Primary and Secondary
With all of these types of pain, they are further classified as either primary or secondary. Primary pelvic pain means that the pain began as a response to a certain type of stimulus and has continued consistently with that stimulus. Secondary pelvic pain means that the body is now interpreting a stimulus as painful where that stimulus was previously pain-free. Often times, secondary pelvic pain begins after a traumatic or painful experience, like an uncomfortable/unwanted sexual encounter or a particularly difficult pelvic exam that has now conditioned the body to expect pain with those things.
So what can be done?
Counseling/Support:
Pelvic pain is a complicated topic with many facets to it. Pain, in general, can have a huge effect on a person’s life. The effects of pelvic pain are often even more profound on a person’s quality of life and most intimate life experiences. While you seek to address the physical pain, it is also important for many women while healing to seek out psychological and emotional support from a professional. You may also want to consider seeking a counselor that works with couples or families if you know that your pain is having an impact on those closest to you.
Physical Therapy:
If you are intimidated by the idea of going to a pelvic health physical therapist, please read my previous post on what to expect from physical therapy. If you are being treated for pelvic pain, you will likely work on ways to decrease the unhelpful amount of attention that your nervous system is paying to your pelvis. While many therapists take varying approaches, in general, you should not expect to have a therapist put you through a bunch of painful experiences. (And I would argue that the good therapists out there would not do that to you.)

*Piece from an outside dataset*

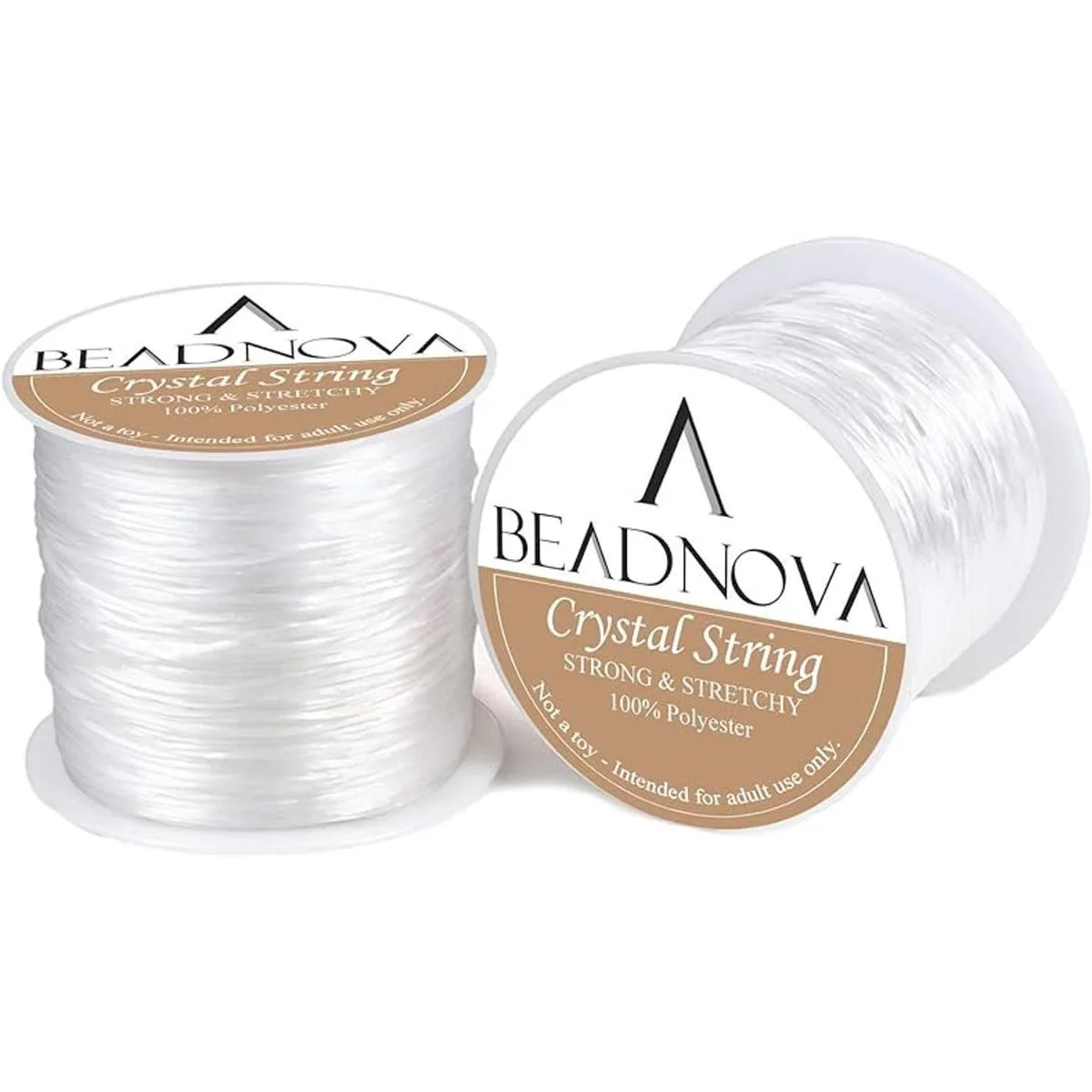 BEADNOVA Cadena de cristal de 0.039 in plana cadena de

Instead, they will likely begin with pain-free stimuli that you tolerate easily and work from there until you can tolerate common daily stimuli without pain. They may also work with you on “down-training” or decreasing the amount of muscle tension that you have in your pelvic floor muscles while trying to rest. For some women, their pain actually comes from the hyperactivity of the pelvic muscles, especially with vaginismus.
Home Program:
Usually, a counselor and a physical therapist will both give you homework to do on your own, so plan on spending a bit of time each day on that, even if you don’t have an appointment in the clinic that day. It is really important that you make the effort to do these home exercises from your healthcare team, because often times, the work done in the clinic with you isn’t enough to make lasting changes. You have moved and experienced the world in one way for a very long time, so spending a couple of hours per week doing something new will often not be enough to override what you do the rest of the week.
So trust me. Stay committed to the process. Speak up if you don’t understand why you are doing something. Don’t lose hope! It is always a journey to recover from pain. Because real changes doesn’t happen overnight. (And don’t trust anybody that says it does.) It takes some discipline, but it is a very worthwhile journey to seek out help for whatever type of pelvic pain you are experiencing.